Aim of the task
Only the text of the records belongs in the answer, copied exactly and without pictures.

**** Supplied material ****

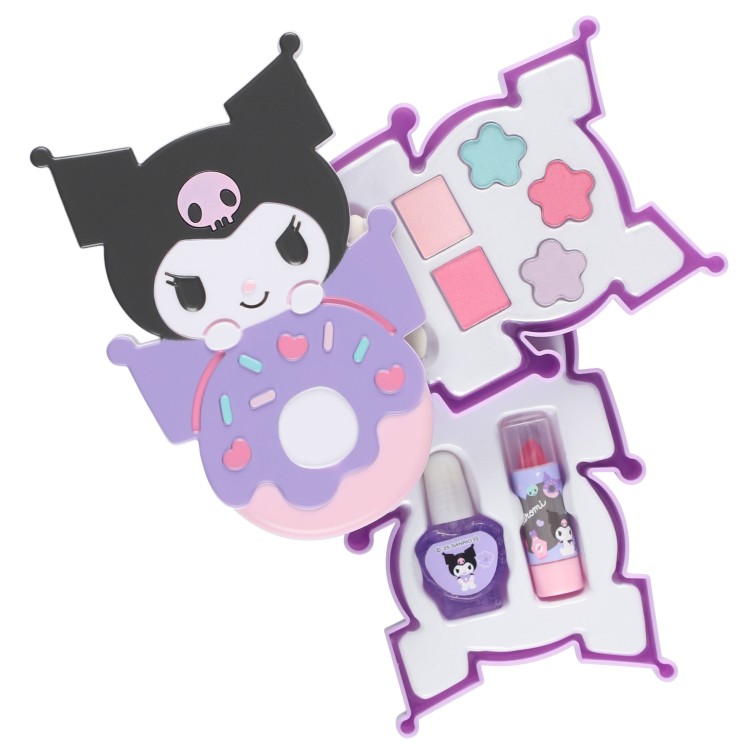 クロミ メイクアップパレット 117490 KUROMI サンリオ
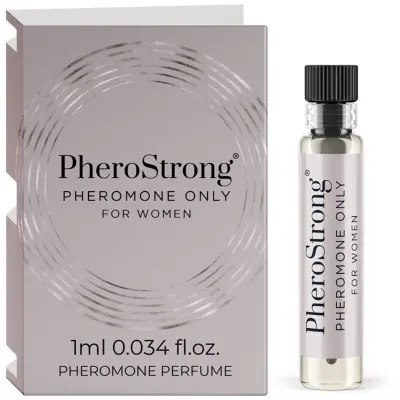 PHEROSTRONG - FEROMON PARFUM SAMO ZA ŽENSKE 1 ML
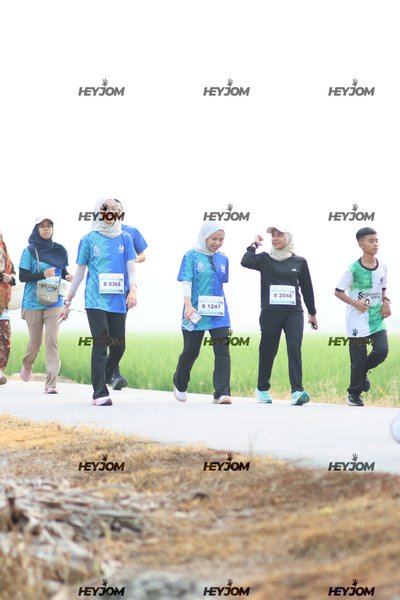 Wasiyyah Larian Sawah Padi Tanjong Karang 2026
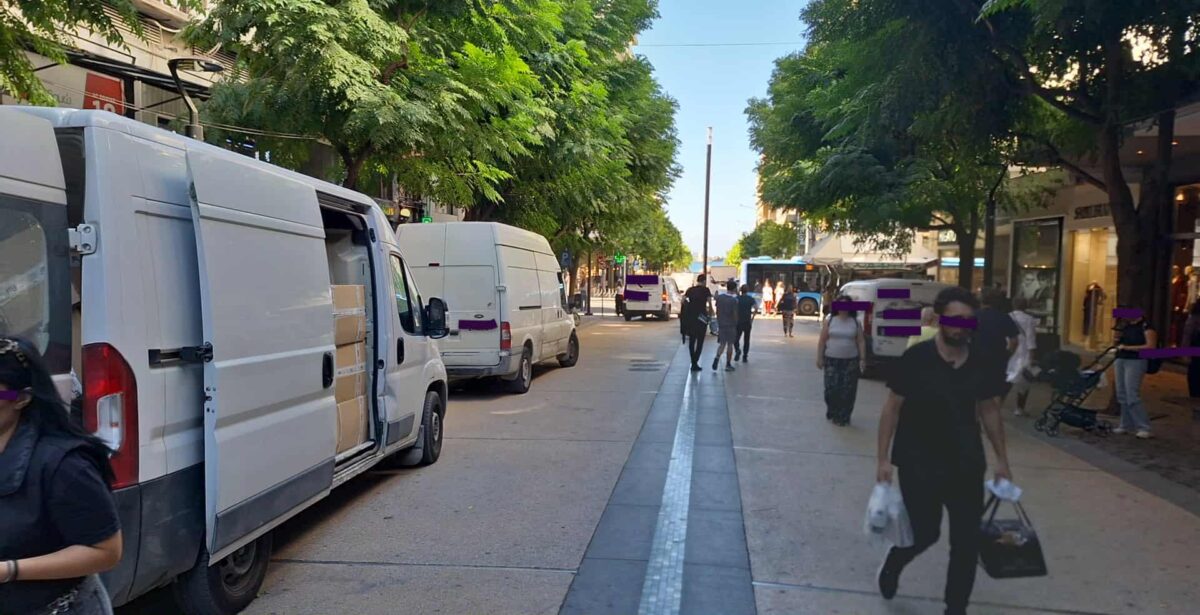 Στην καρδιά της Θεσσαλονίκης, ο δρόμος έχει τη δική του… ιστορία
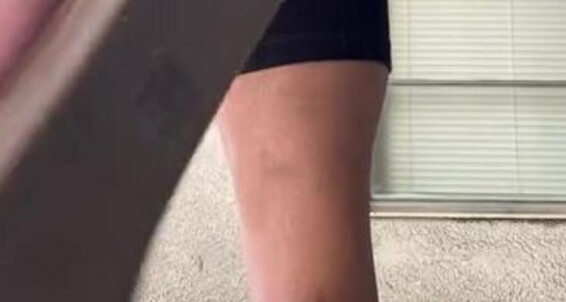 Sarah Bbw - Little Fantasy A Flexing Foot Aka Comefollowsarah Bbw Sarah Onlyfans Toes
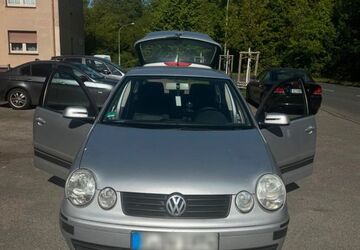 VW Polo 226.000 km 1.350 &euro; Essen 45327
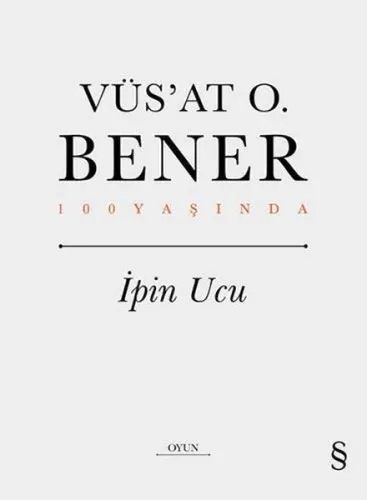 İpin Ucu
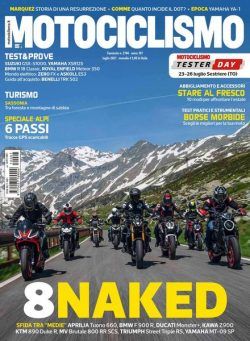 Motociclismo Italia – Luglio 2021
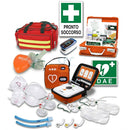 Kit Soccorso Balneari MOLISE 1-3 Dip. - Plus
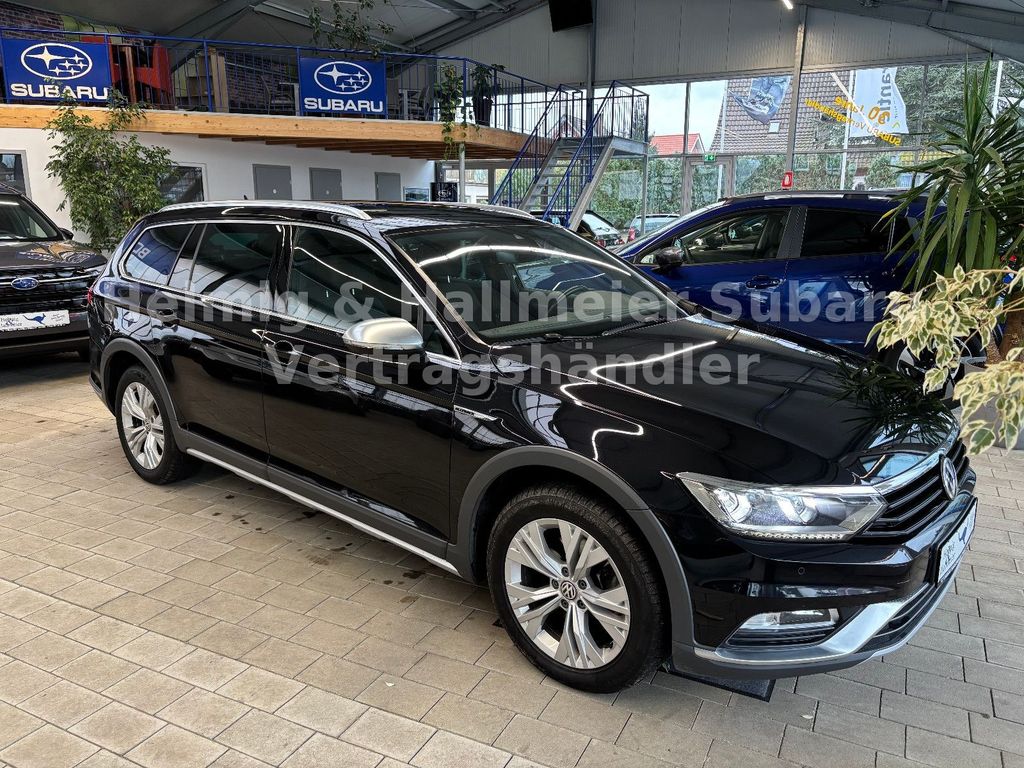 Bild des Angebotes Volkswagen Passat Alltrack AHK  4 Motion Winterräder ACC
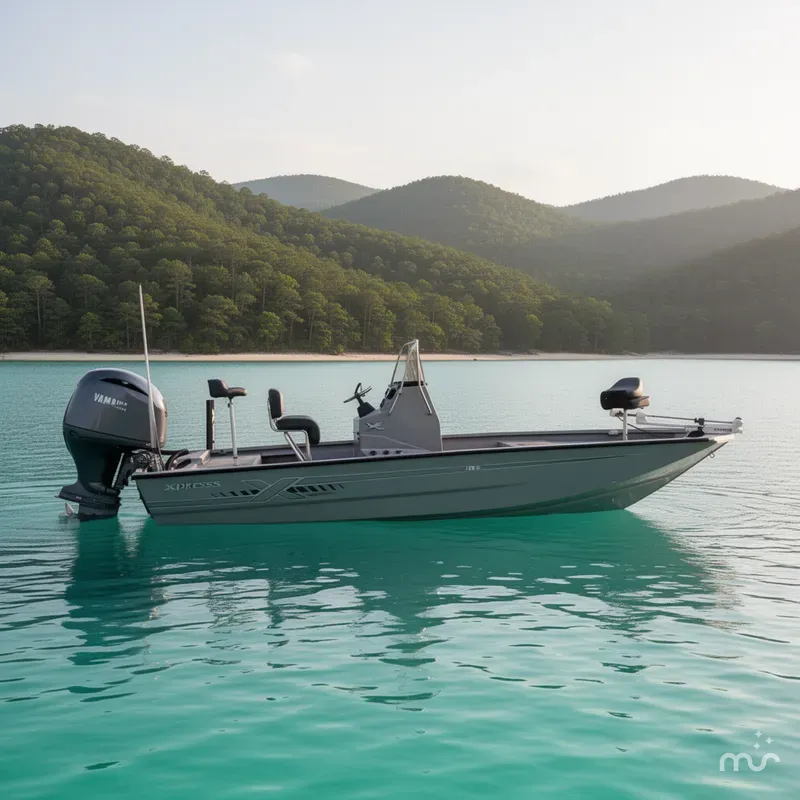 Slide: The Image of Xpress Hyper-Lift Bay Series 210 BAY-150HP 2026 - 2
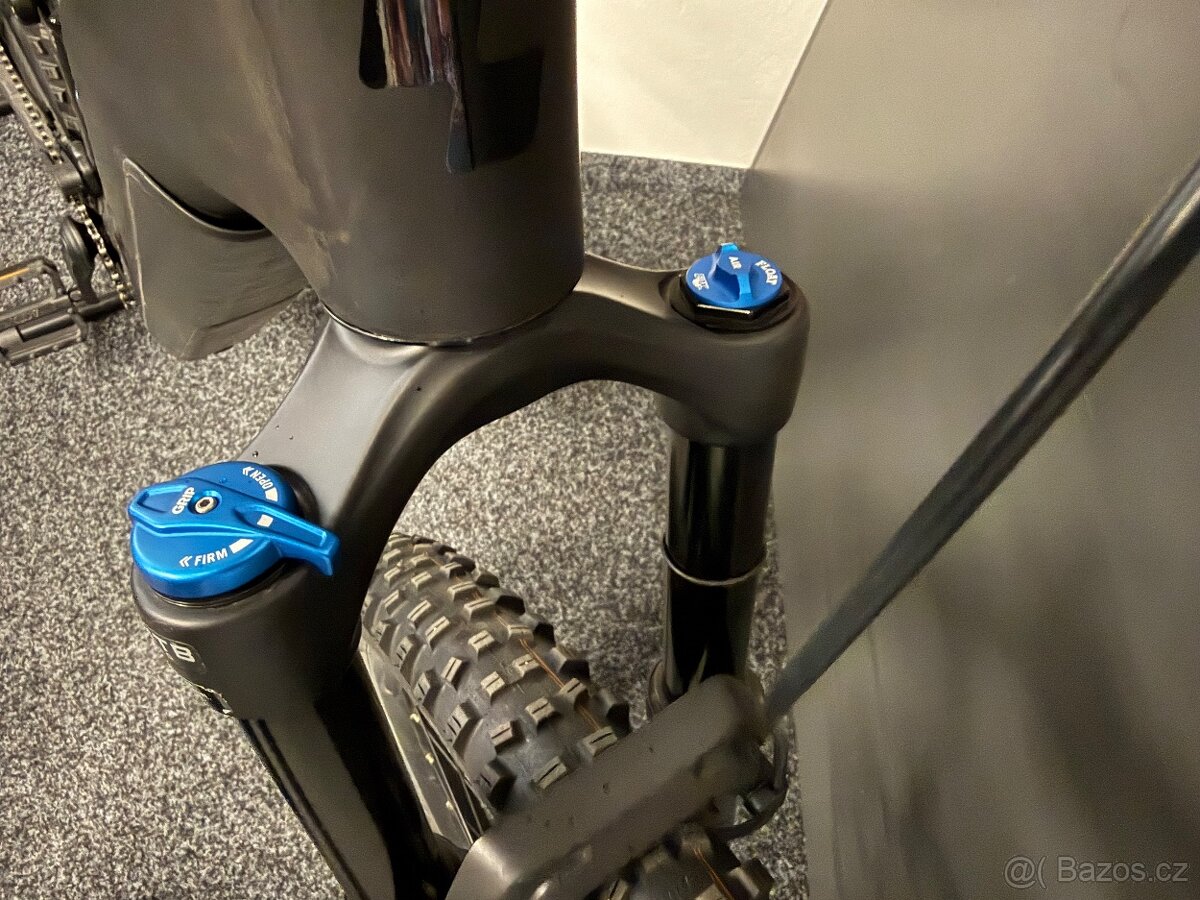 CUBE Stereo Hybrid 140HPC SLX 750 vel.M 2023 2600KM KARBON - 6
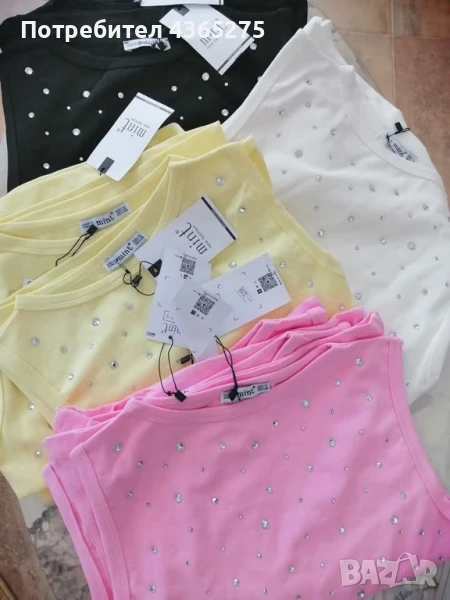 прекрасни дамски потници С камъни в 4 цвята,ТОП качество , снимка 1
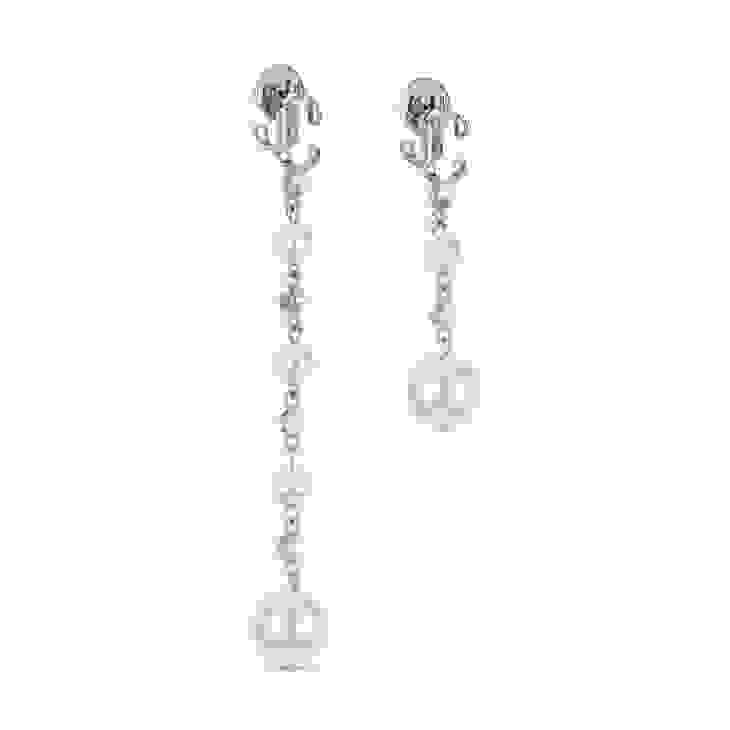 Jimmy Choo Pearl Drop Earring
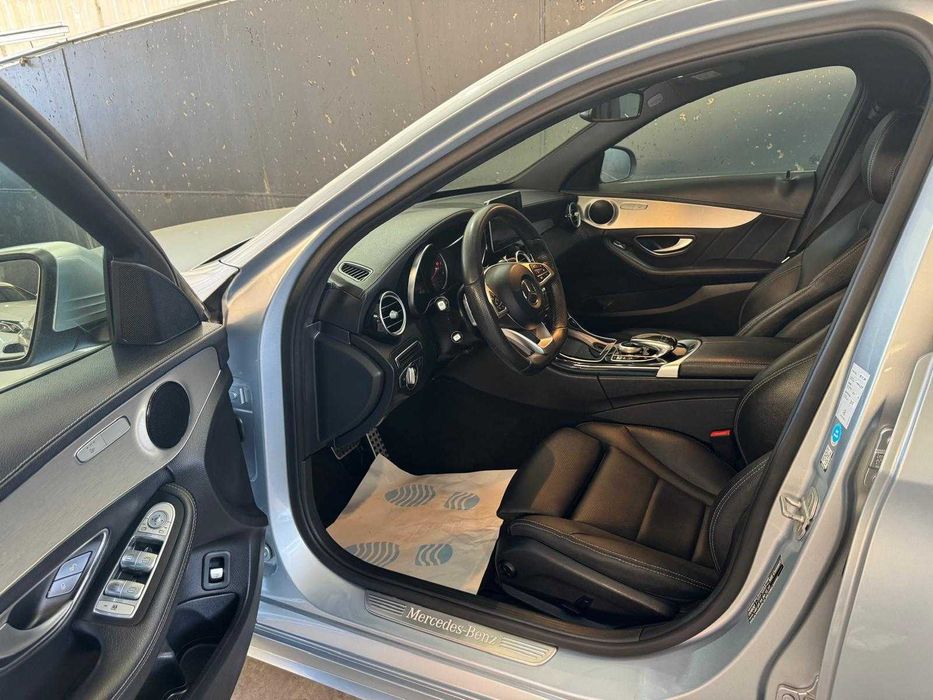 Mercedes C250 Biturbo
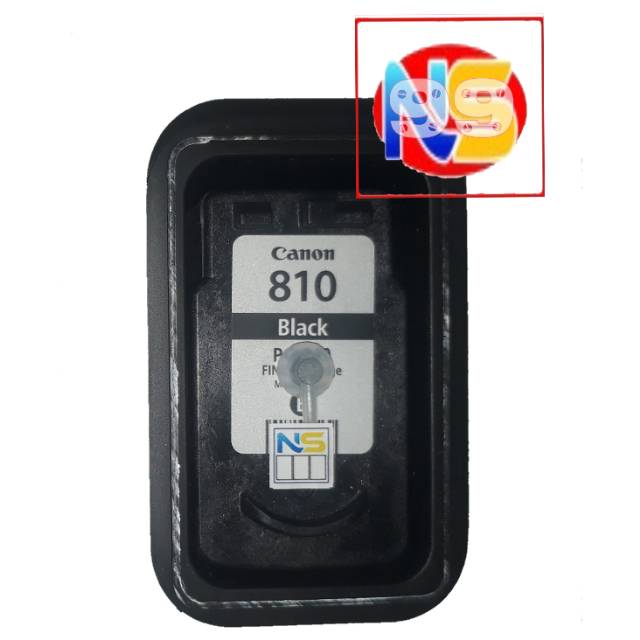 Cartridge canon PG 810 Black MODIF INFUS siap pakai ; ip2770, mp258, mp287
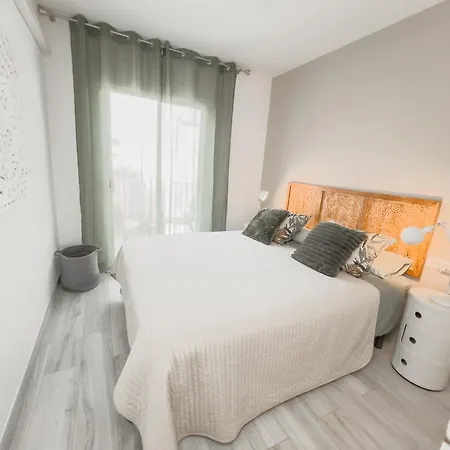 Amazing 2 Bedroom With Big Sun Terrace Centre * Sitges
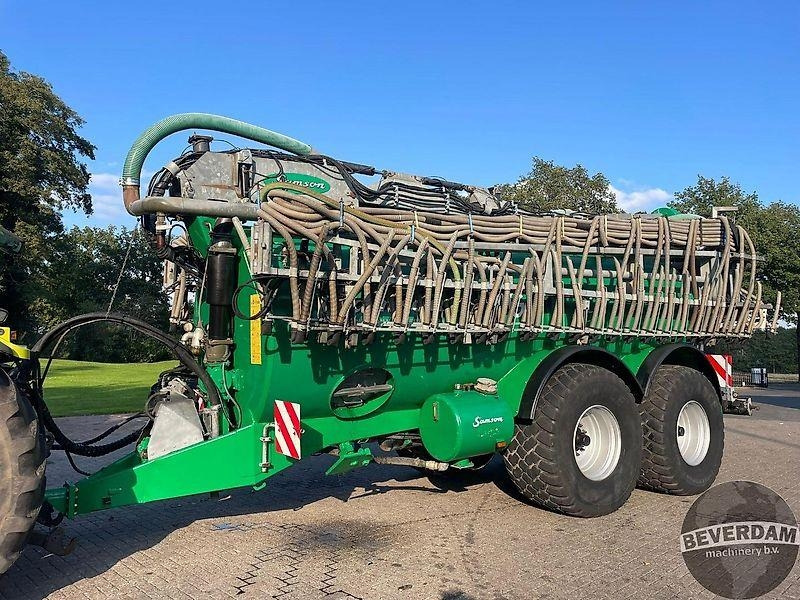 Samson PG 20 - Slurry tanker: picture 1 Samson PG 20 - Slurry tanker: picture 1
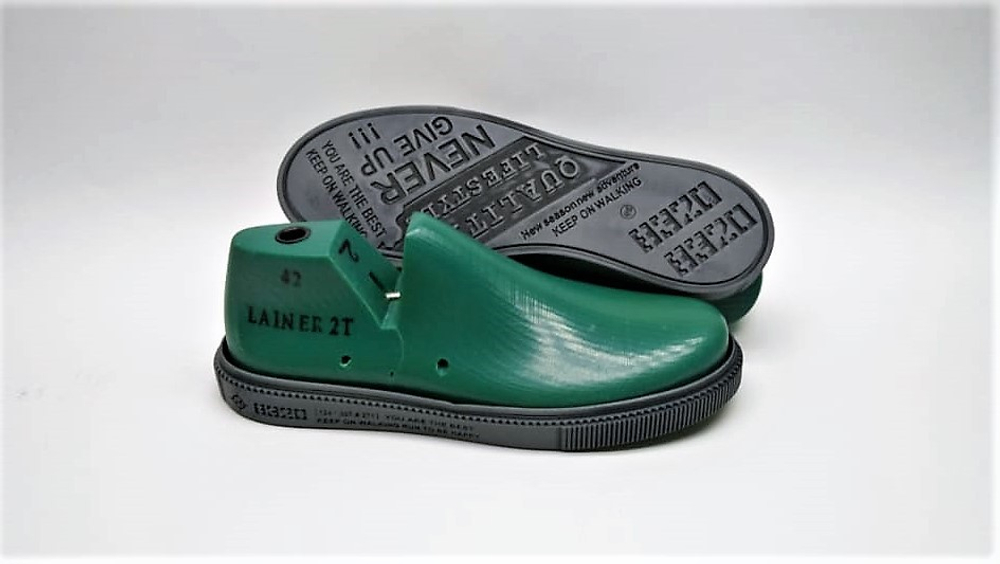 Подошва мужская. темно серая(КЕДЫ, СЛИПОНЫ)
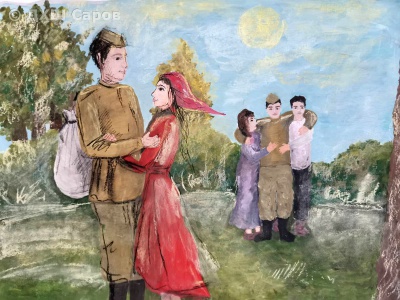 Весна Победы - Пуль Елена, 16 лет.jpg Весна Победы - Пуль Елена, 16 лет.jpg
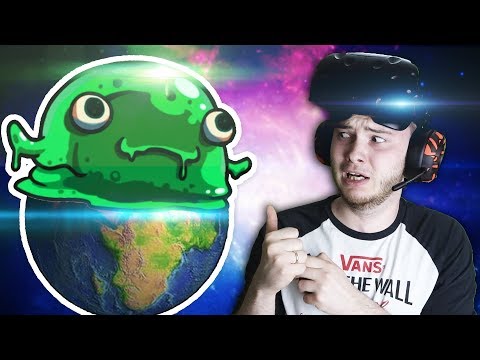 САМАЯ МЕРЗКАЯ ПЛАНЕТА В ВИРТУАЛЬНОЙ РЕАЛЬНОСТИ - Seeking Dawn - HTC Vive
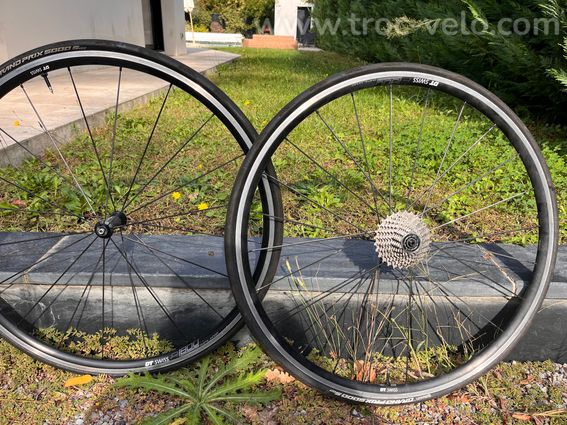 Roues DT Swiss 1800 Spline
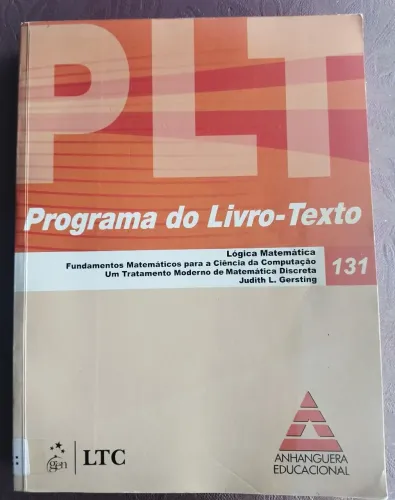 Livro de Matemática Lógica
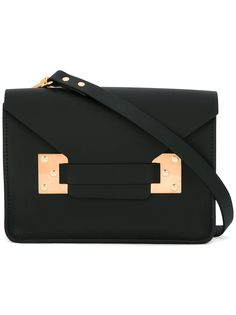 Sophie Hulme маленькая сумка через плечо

****

Exercise response
 クロミ メイクアップパレット 117490 KUROMI サンリオ
 PHEROSTRONG - FEROMON PARFUM SAMO ZA ŽENSKE 1 ML
 Wasiyyah Larian Sawah Padi Tanjong Karang 2026
 Στην καρδιά της Θεσσαλονίκης, ο δρόμος έχει τη δική του… ιστορία
 Sarah Bbw - Little Fantasy A Flexing Foot Aka Comefollowsarah Bbw Sarah Onlyfans Toes
 VW Polo 226.000 km 1.350 &euro; Essen 45327
 İpin Ucu
 Motociclismo Italia – Luglio 2021
 Kit Soccorso Balneari MOLISE 1-3 Dip. - Plus
 Bild des Angebotes Volkswagen Passat Alltrack AHK  4 Motion Winterräder ACC
 Slide: The Image of Xpress Hyper-Lift Bay Series 210 BAY-150HP 2026 - 2
 CUBE Stereo Hybrid 140HPC SLX 750 vel.M 2023 2600KM KARBON - 6
 прекрасни дамски потници С камъни в 4 цвята,ТОП качество , снимка 1
 Jimmy Choo Pearl Drop Earring
 Mercedes C250 Biturbo
 Cartridge canon PG 810 Black MODIF INFUS siap pakai ; ip2770, mp258, mp287
 Amazing 2 Bedroom With Big Sun Terrace Centre * Sitges
 Samson PG 20 - Slurry tanker: picture 1 Samson PG 20 - Slurry tanker: picture 1
 Подошва мужская. темно серая(КЕДЫ, СЛИПОНЫ)
 Весна Победы - Пуль Елена, 16 лет.jpg Весна Победы - Пуль Елена, 16 лет.jpg
 САМАЯ МЕРЗКАЯ ПЛАНЕТА В ВИРТУАЛЬНОЙ РЕАЛЬНОСТИ - Seeking Dawn - HTC Vive
 Roues DT Swiss 1800 Spline
 Livro de Matemática Lógica
 Sophie Hulme маленькая сумка через плечо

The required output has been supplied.